Tuesday, March 18, 2014

Advice From a Failure

(I was invited back to Birmingham to speak to  a small group of ministers who had faced difficult times in their vocational life.*  Some had been dismissed. Some had just thrown in the towel in despair. Some had a hard time in letting the past go. This is what I said when I met with a group of my fellow-minister-sufferers.)

What I want to do today is to take a couple pages out of the album of my own life—hoping in doing so—you, too will take out your own album and begin to look at where you are.

After a 13-year ministry in South Carolina—my kids were grown and gone. I was 51 years old. A little bored by my work. And this Church came along in Memphis and kept telling me how great I was and how they needed my gifts especially. Such a seduction is hard to turn down. They told me they were a moderate church in a most conservative town—and there stretched out before me a challenge. So I went.
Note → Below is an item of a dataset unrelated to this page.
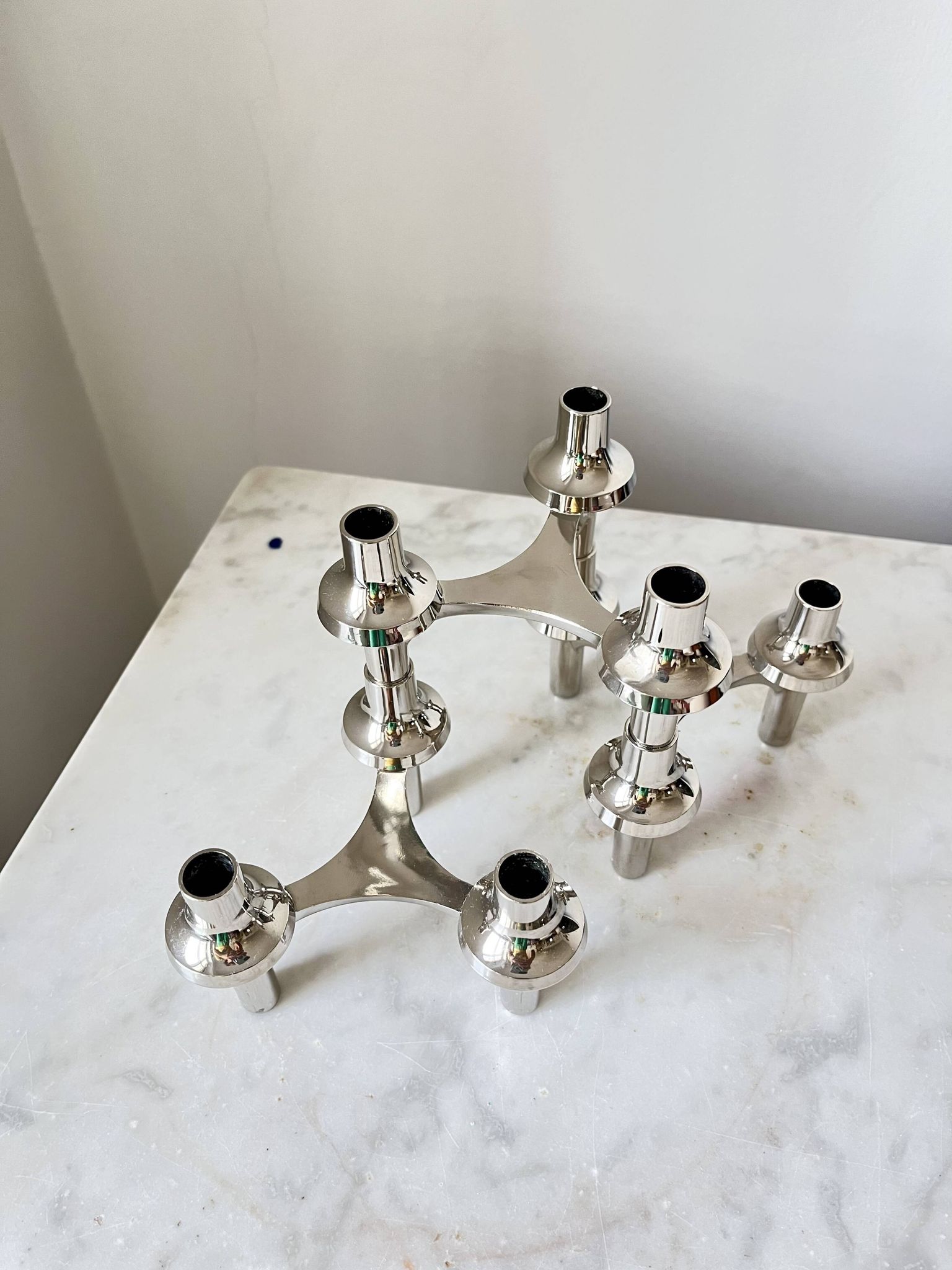 Vintage Stoff Nagel Modular Candle Holder, Iconic German Design, BMF
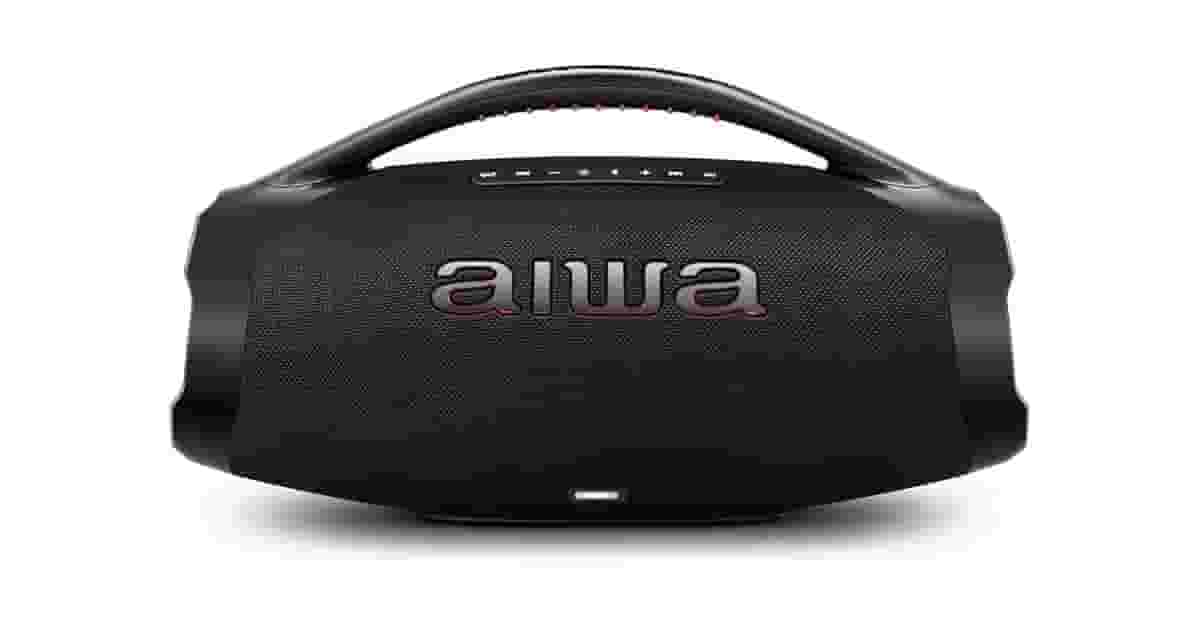 Melhor Boombox Aiwa: Potência e Bateria Duradoura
Early on—I realized their good Committee did not realize they were not as far along as they thought. There was a tiny cadre of hard-nosed conservatives that were always there. I realized early on I had made a mistake and should not have been there. What do you do you do if you wake up the morning after your wedding and realize you have married the wrong person? It was scary. Well, I put things in high gear—I would work hard—harder than I have ever worked. I would make this place I did not particularly like work.  I would wow all those hard-nosed Christians.

After a year I called the Search committee together and opened up my heart. “This thing is just not working, folks. I have tried and tried—but it’s not working.” Oh, they reassured me I was doing a good job...they were a difficult group—and told me everything would work out. So—I went back to work. We tried everything. We had consultants to come in and help us. And it never came together. So two and a half years later I resigned on a cold Sunday morning in early December without a place to go. 55 years old and scared to death.

I learned some things out of the hardest time in my vocational life. Without my wife and kids and friends scattered everywhere I would not have made it. This is what I began to discover.

You have to look hard at what is going on inside of you. Three weeks before I moved to Memphis my Mother died—and she was a very bright star in my constellation. And I packed up and left friends and a church that I loved and loved me.

But a new place. A new challenge. You put things in high gear and move on. But I did not realize that I had pigeon-hold my grief. Mother. Friends. Church. I had moved to a place where they did not even know our kids names—how could they—they were grown and gone.

You have to deal with your griefs—or your griefs will deal with you. All that frenetic activity could not replace the holes in my heart. In fairness to that church—if I had been able to deal with the griefs I did not even know were there—I think the picture would have turned out differently. I think I could have stayed but I was carrying a whole lot in my heart and I did not like what I was doing.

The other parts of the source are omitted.